A data point is that we did make comparable changes to the handling of
database names a couple releases ago, and we got few if any gripes.

Another data point is that the original Berkeley coding of PQfnumber
did not have the case folding/dequoting behavior.  The history seems
to be:

Original code: straight strcmp() of argument against returned column name

1997-05-19 23:38: replace strcmp() with strcasecmp() (no dequoting
logic, pretty obviously a broken idea in hindsight)

1997-11-10 00:10: attempted to implement the current behavior of
dequoting+downcasing, but due to a typo, the actual effect was to revert
the behavior to exact match

1999-02-03 15:19: fix typo, installing the current behavior

So other than the shortlived 6.2 release, releases before 6.5 had the
behavior Peter wants.  I find it interesting that it took more than a
year for anyone to notice that the putative dequoting+downcasing logic
installed for 6.3 didn't work.
        regards, tom lane


Re: [HACKERS] PQfnumber and quoted identifiers

From
Tom Lane
Date:
Andreas Pflug <pgadmin@pse-consulting.de> writes:
> If you change it, please give me a chance to code it version-aware so 
> quoting/non-quoting can be performed dependent on libpq in use.

If you want a run-time test, the most reliable way would be to directly
test what PQfnumber does --- for instance, make a query known to
contain the column name "foo", and see what PQfnumber(res, "\"foo\"")
returns.  I'm not sure there is any other solution, since we can't
retroactively install a version identifier in old libpq releases.

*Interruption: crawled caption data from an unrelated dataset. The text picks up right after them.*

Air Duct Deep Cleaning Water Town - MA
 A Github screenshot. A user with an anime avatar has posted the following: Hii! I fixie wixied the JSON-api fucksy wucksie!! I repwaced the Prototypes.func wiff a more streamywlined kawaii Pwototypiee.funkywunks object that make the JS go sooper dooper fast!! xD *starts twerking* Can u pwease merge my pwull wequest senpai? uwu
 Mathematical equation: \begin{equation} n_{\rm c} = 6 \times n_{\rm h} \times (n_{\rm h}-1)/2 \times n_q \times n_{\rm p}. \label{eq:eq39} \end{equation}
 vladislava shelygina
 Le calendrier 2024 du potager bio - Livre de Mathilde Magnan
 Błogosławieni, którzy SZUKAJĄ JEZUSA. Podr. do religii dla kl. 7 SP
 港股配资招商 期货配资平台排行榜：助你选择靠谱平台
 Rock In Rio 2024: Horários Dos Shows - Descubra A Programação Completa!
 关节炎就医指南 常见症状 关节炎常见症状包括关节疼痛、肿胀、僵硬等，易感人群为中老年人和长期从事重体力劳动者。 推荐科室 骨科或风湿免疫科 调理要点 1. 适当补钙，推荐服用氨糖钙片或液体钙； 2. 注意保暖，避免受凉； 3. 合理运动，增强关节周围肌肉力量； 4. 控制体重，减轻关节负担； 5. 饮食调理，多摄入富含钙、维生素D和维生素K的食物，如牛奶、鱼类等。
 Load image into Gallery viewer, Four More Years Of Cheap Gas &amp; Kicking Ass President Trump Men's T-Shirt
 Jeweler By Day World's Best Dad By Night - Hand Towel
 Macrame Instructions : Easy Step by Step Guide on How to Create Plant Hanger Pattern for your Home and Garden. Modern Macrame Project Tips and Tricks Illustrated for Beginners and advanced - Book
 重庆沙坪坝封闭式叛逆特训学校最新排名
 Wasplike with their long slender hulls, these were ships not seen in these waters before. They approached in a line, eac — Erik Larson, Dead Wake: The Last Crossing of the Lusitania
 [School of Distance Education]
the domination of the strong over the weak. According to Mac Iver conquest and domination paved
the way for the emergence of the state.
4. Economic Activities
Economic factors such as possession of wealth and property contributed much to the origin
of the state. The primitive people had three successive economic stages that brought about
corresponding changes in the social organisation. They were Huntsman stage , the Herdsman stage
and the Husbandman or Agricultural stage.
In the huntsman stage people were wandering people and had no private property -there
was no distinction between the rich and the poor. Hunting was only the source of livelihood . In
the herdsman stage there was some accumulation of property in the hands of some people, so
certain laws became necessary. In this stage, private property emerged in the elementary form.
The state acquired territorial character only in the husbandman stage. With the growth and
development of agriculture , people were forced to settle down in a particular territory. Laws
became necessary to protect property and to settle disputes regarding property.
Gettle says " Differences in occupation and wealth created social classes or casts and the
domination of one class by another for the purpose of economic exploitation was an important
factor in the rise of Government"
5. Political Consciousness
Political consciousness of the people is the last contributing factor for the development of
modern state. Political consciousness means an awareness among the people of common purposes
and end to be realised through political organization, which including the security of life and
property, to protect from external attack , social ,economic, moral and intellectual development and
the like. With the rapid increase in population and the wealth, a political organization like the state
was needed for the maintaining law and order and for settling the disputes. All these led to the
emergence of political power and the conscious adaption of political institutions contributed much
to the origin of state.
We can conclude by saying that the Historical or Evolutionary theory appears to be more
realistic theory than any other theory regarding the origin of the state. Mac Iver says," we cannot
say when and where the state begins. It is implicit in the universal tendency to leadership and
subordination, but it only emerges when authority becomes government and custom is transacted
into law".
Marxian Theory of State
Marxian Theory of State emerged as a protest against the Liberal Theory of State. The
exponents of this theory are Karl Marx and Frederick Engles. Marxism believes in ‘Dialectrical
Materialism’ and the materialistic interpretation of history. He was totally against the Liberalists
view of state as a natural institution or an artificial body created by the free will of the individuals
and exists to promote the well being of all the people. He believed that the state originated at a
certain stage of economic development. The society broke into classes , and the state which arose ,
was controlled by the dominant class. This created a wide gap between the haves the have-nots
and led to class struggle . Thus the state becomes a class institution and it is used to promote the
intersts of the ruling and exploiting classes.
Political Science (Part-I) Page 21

For a compile-time test, you could perhaps look to see if
PG_DIAG_SQLSTATE or one of the other new macros in postgres_ext.h
is defined.  Not sure you really want a compile-time test though;
it'd break very easily if you get linked against some other version
of the library.

As for the more general question of whether to offer libpq version
identification going forward, I have no strong opinion on whether
it's really useful or not.  If it's wanted, I'm tempted to suggest
that PQparameterStatus() could be extended to recognize "libpq_version"
paralleling "server_version".  Not sure about a clean way to expose
the version at compile time.
        regards, tom lane


Re: [HACKERS] PQfnumber and quoted identifiers

From
Tom Lane
Date:
"Matthew T. O'Connor" <matthew@zeut.net> writes:
> Is there a reason why it can't accecpt both formats?

Does it downcase FOO or not?  You can't have it both ways.
        regards, tom lane


Re: [HACKERS] PQfnumber and quoted identifiers

From
Andreas Pflug
Date:
Tom Lane wrote:

>That was pretty much the argument that carried the day in the earlier
>thread.  However, I'm not sure how many people really use PQfnumber
>(as opposed to hard-wiring assumptions about returned column numbers),
>and it would seem that the intersection of those people with people who
>use mixed-case column names may be nearly the empty set.  If a lot of
>people did this, the behavior would have been discussed and documented
>(or changed) long ago.  So I'm not convinced that we'd really break
>very many apps by changing to the behavior that everyone seems to agree
>is more sensible.
>  
>
...

>So other than the shortlived 6.2 release, releases before 6.5 had the
>behavior Peter wants.  I find it interesting that it took more than a
>year for anyone to notice that the putative dequoting+downcasing logic
>installed for 6.3 didn't work.
>
pgAdmin3 beta testers found it...

If you change it, please give me a chance to code it version-aware so 
quoting/non-quoting can be performed dependent on libpq in use.


Regards,
Andreas





Re: [HACKERS] PQfnumber and quoted identifiers

From
"Matthew T. O'Connor"
Date:
On Sun, 2003-10-05 at 13:43, Andreas Pflug wrote:
> Tom Lane wrote:
> >So other than the shortlived 6.2 release, releases before 6.5 had the
> >behavior Peter wants.  I find it interesting that it took more than a
> >year for anyone to notice that the putative dequoting+downcasing logic
> >installed for 6.3 didn't work.
> >
> pgAdmin3 beta testers found it...
> 
> If you change it, please give me a chance to code it version-aware so 
> quoting/non-quoting can be performed dependent on libpq in use.

Is there a reason why it can't accecpt both formats?  That way PQfname
and PQfnumber could be inverses of each other.  The only wart is that
PQfnumber would also accecpt the "\"Bar\"" format also.